President Obama signaled Friday that fiscal cliff negotiations would not be resolved before Christmas.
The speech comes at the heels of a rejection by House Republicans of the so-called "Plan B," a deal drawn up by Republican House Speaker John Boehner to avert the fiscal cliff without a grand bargain with the Obama administration.
The deal faltered on Republicans' refusal to allow tax rates on the 400,000 wealthiest Americans to increase, reported the Washington Post.
Boehner's plan would have averted tax hikes on most Americans while allowing for some spending cuts.
CNN reported that Boehner said after the rejection: "They weren't taking it out on me."
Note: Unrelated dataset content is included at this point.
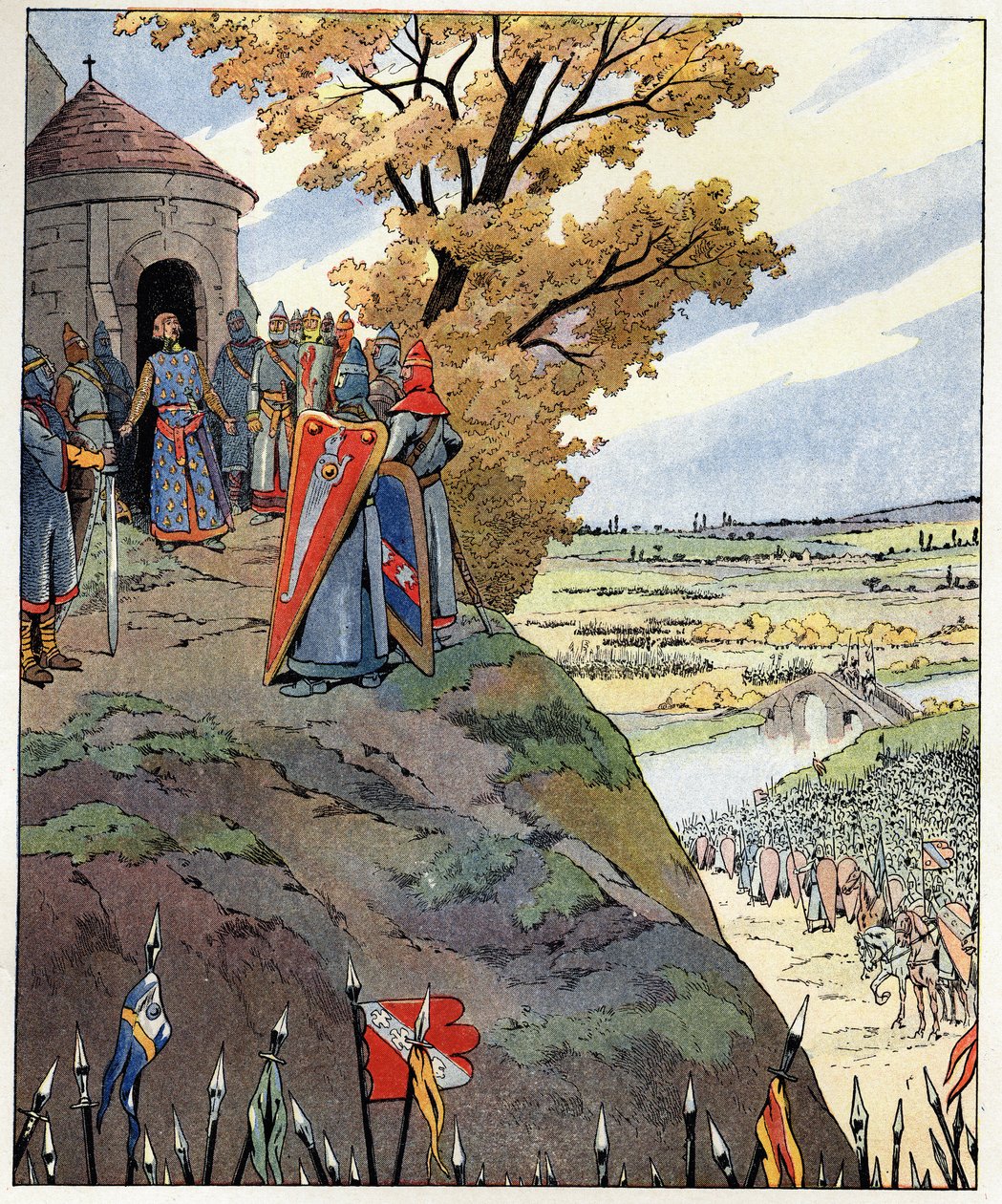 Min krona till kung Filip II:s modiga ord sa Philip Augustus (1165-1223) till herrarna före segern i slaget vid Bouvines den 27 juli av pseudonym for Onfray de Breville Jacques Job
"They were dealing with the perception that somebody might accuse them of raising taxes."
Obama warned in a press conference Friday that the fiscal cliff meant an automatic tax raise for middle class Americans - a scenario both parties wanted to avoid.
“We are going to have to find some common ground," said Obama.
“Nobody can get 100 percent of what they want."
The Associated Press reported that Obama was meeting with Senate Majority Leader Harry Reid before the statement to discuss ways to avoid the fiscal cliff.
With less than 10 days left to reach a deal, it is now up to Obama and the Democrats to draw up a plan that could get sufficient Republican support in the House.
On Friday, the President recommended that politicians spend some time with family, sing Christmas carols and drink some eggnog - activities that might provide "perspective."